Fraction of budget for addressing malnutrition

Health officials urge government to address underlying issues

Asma Ghani November 06, 2017
Health officials urge government to address underlying issues. PHOTO: FILE

ISLAMABAD: With over half of the country’s population affected by micronutrient deficiencies, it is a surprise that Pakistan is still spending only a fraction of its annual budget on nutrition-specific and nutrition-sensitive interventions.

This was revealed by the Global Nutrition Report 2017 launched late last week.

The report — which tracks global nutrition targets including national progress against globally agreed targets for maternal, infant and young child nutrition (MIYCN) — showed that Pakistan spends only around 3.7 per cent of its national budget on nutrition interventions despite having around 52 per cent of the population affected by micronutrient deficiencies.

By contrast regionally, Bangladesh spends 8.2 per cent of its budget, Nepal 13.1 per cent on nutrition interventions.

The report’s analysis shows that 88 per cent of countries face a serious burden of either two or three forms of malnutrition - childhood stunting, anaemia in women of reproductive age and or overweight adult women.

Moreover, it notes that no country in the world is on track to meet targets to reduce anaemia among women of reproductive age, with the number of women with anaemia actually increasing since 2012.

Pakistan, it said, also shows no progress in reducing anaemia as the statistics remain static, the report shows.  It says there is no progress against global nutrition targets such as controlling under-five stunting, wasting, and obesity.

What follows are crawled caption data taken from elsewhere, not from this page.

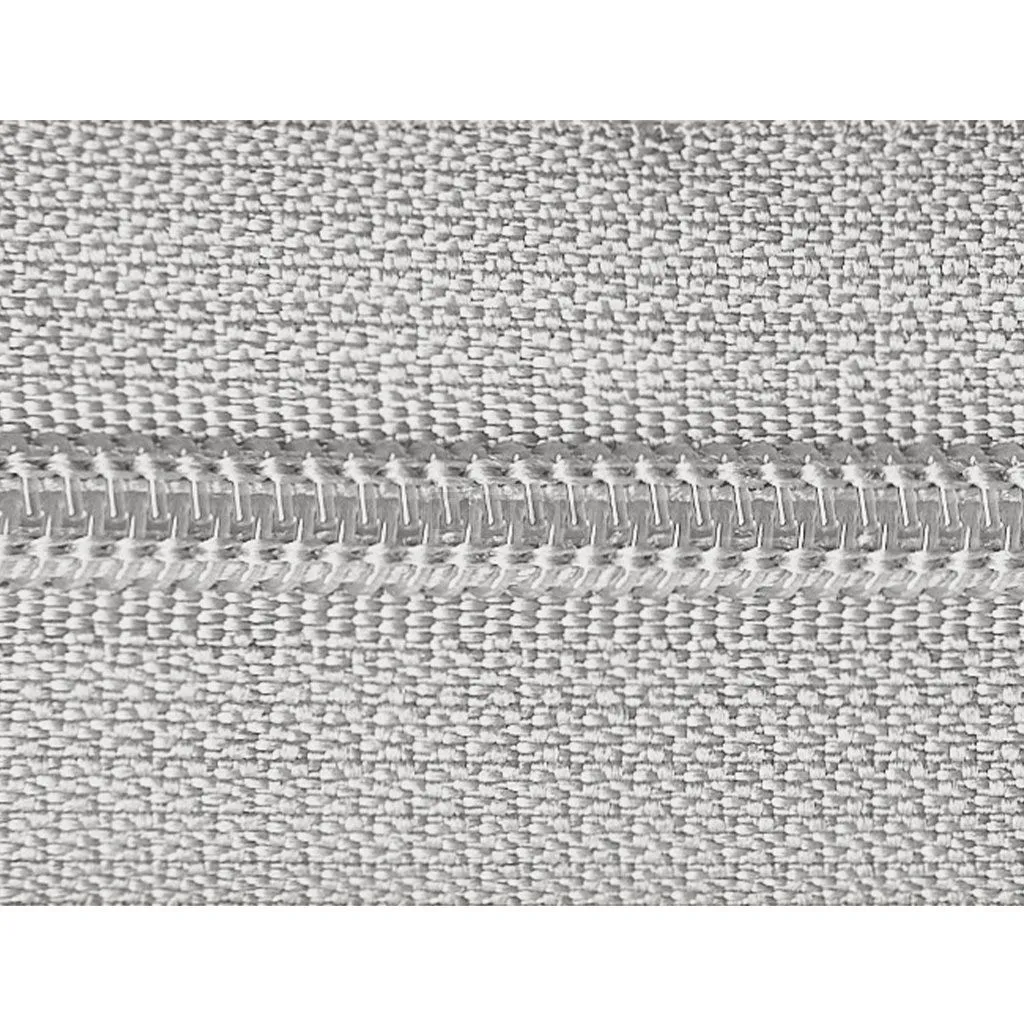 Молния спиральная (витая) тип 3 50см н/р цв 310 (уп 100шт)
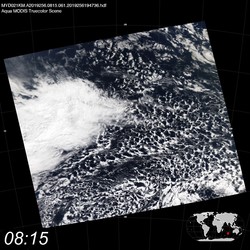 Level 1B Image at: 0815 UTC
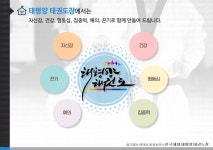 태평양태권도장 목표-한국체대 태평양태권도장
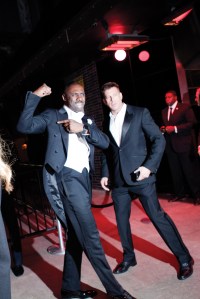 Idris Elba in Tom Ford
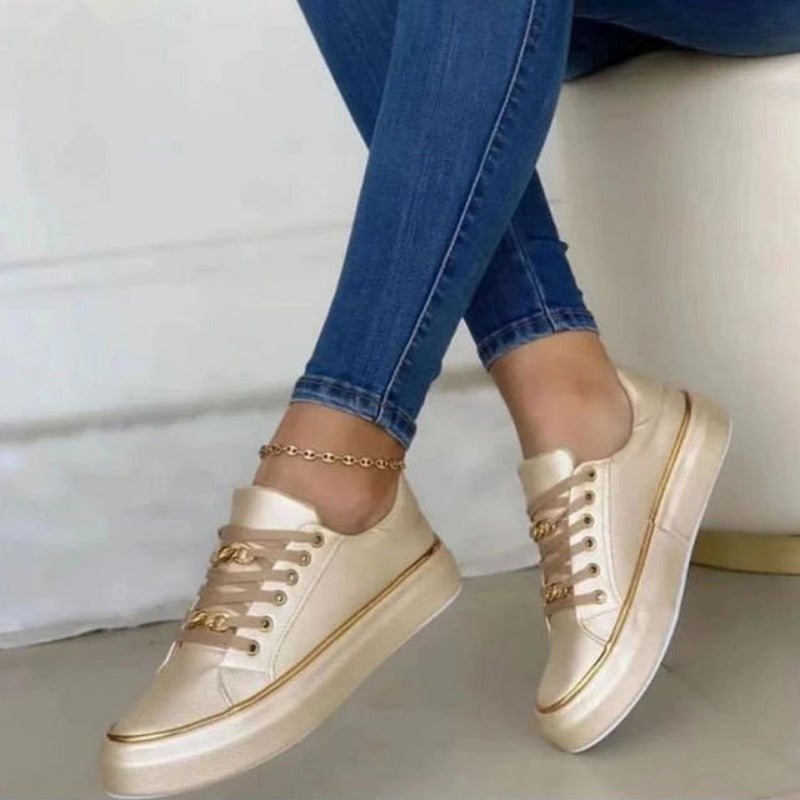 Ava - Orthopedic Sneakers (Copy)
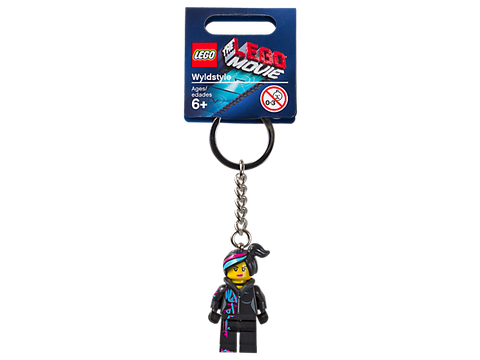850895 Lego Movie Wyldstyle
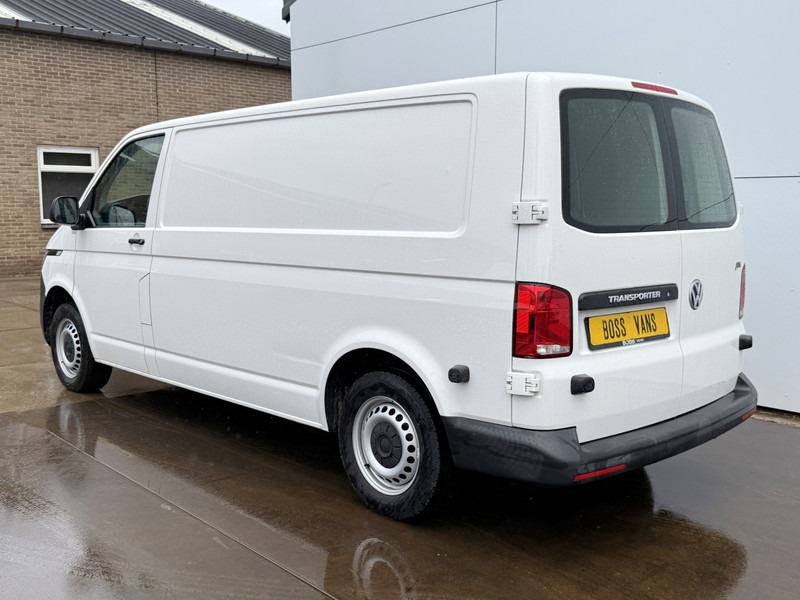 Volkswagen E-Transporter 113PK 138KM WLTP 37,3kWh 100% Elektrisch ABT E-transporter 3 Stoelen Airco Parkeersensoren voor achter Laadkabel - Легковой фургон, Электрический фургон: фото 2 Volkswagen E-Transporter 113PK 138KM WLTP 37,3kWh 100% Elektrisch ABT E-transporter 3 Stoelen Airco Parkeersensoren voor achter Laadkabel - Легковой фургон, Электрический фургон: фото 2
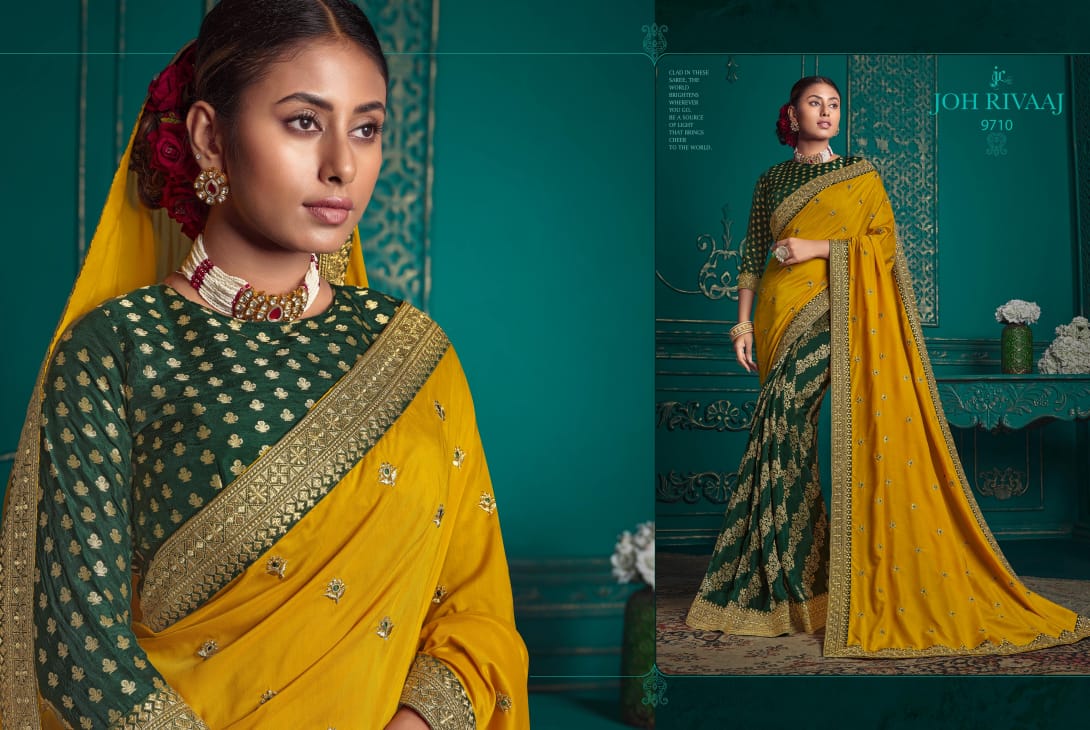 JOH RIVAAJ KADHAI VOL 3 9701 TO 9718 SERIES Anant Tex Exports Private Limited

Well-nourished children, it said, are 33 per cent more likely to escape poverty as adults, and each added centimetre of adult height can lead to an almost five per cent increase in wage rate, it says.

The report noted that nutritious and healthy diets are associated with improved performance at school. Children who are less affected by stunting early in their life have higher test scores on cognitive assessments and activity level.

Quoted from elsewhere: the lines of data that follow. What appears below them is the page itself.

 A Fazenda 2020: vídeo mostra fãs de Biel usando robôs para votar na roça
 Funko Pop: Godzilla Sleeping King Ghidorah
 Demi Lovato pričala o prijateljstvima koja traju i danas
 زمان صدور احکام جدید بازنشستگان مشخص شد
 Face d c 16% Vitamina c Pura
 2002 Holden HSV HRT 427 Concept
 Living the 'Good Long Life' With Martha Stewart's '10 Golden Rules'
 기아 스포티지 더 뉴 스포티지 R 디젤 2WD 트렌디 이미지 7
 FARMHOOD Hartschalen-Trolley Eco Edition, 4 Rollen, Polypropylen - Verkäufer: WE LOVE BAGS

In the 140 countries studied, the report found ‘significant burdens’ of three important forms of malnutrition used as a indicator of broader trends including childhood stunting — children too short for their age due to lack of nutrients, suffering irreversible damage to brain capacity; anaemia in women of reproductive age — a serious condition that can have long-term health impacts for mother and child; and  overweight adult women — a rising concern as women are disproportionately affected by the global obesity epidemic.

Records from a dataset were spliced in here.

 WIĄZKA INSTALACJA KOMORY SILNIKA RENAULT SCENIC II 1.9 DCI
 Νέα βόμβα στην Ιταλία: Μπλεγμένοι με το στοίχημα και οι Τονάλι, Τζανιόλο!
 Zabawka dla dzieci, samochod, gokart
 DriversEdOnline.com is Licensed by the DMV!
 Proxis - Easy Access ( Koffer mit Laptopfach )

Through five areas including sustainable food production, strong systems of infrastructure, health systems, equity and inclusion, peace and stability, the report finds that improving nutrition can have a powerful multiplier effect across the SDGs. Indeed, it indicates that it will be a challenge to achieve any SDG without addressing nutrition.

“If we want to end malnutrition in Pakistan we have to address the direct and underlying causes that include early and frequent childbearing, inadequate feeding practices for infants and young children, inappropriate care-seeking behavior and prevalence of diarrhea,” stated Dr Irshad Danish, Programme Manager of SUN Civil Society Alliance and SUN Academia and Research Network.

The root causes are socio-cultural barriers, lack of education especially for women, insufficient health care and limited awareness of proper nutrition, he added.

“When the prevalence of these indicators is widespread, individual risks and deficits can aggregate into a substantial drag on national economic growth,” Dr Danish said.

He urged the government to take steps towards improving the situation of nutrition and food security in the country, particularly by implementing the multi-sectoral nutrition strategies, implement the protection of breastfeeding and child nutrition laws and enactment of mandatory food fortification laws at all levels of government.

“Federal and provincial governments are also requested to implement food security and agriculture policies and promote rural development to reduce in-country migration.

In order to safeguard the country’s future development and prosperity, Pakistan also needs to increase domestic financing for nutrition and food security.

“Pakistan has to priorities children and places them at the centre of the shift towards healthy and nutritious diets for sustainable food systems will be crucial to achieving the SDGs”.

Published in The Express Tribune, November 6th, 2017.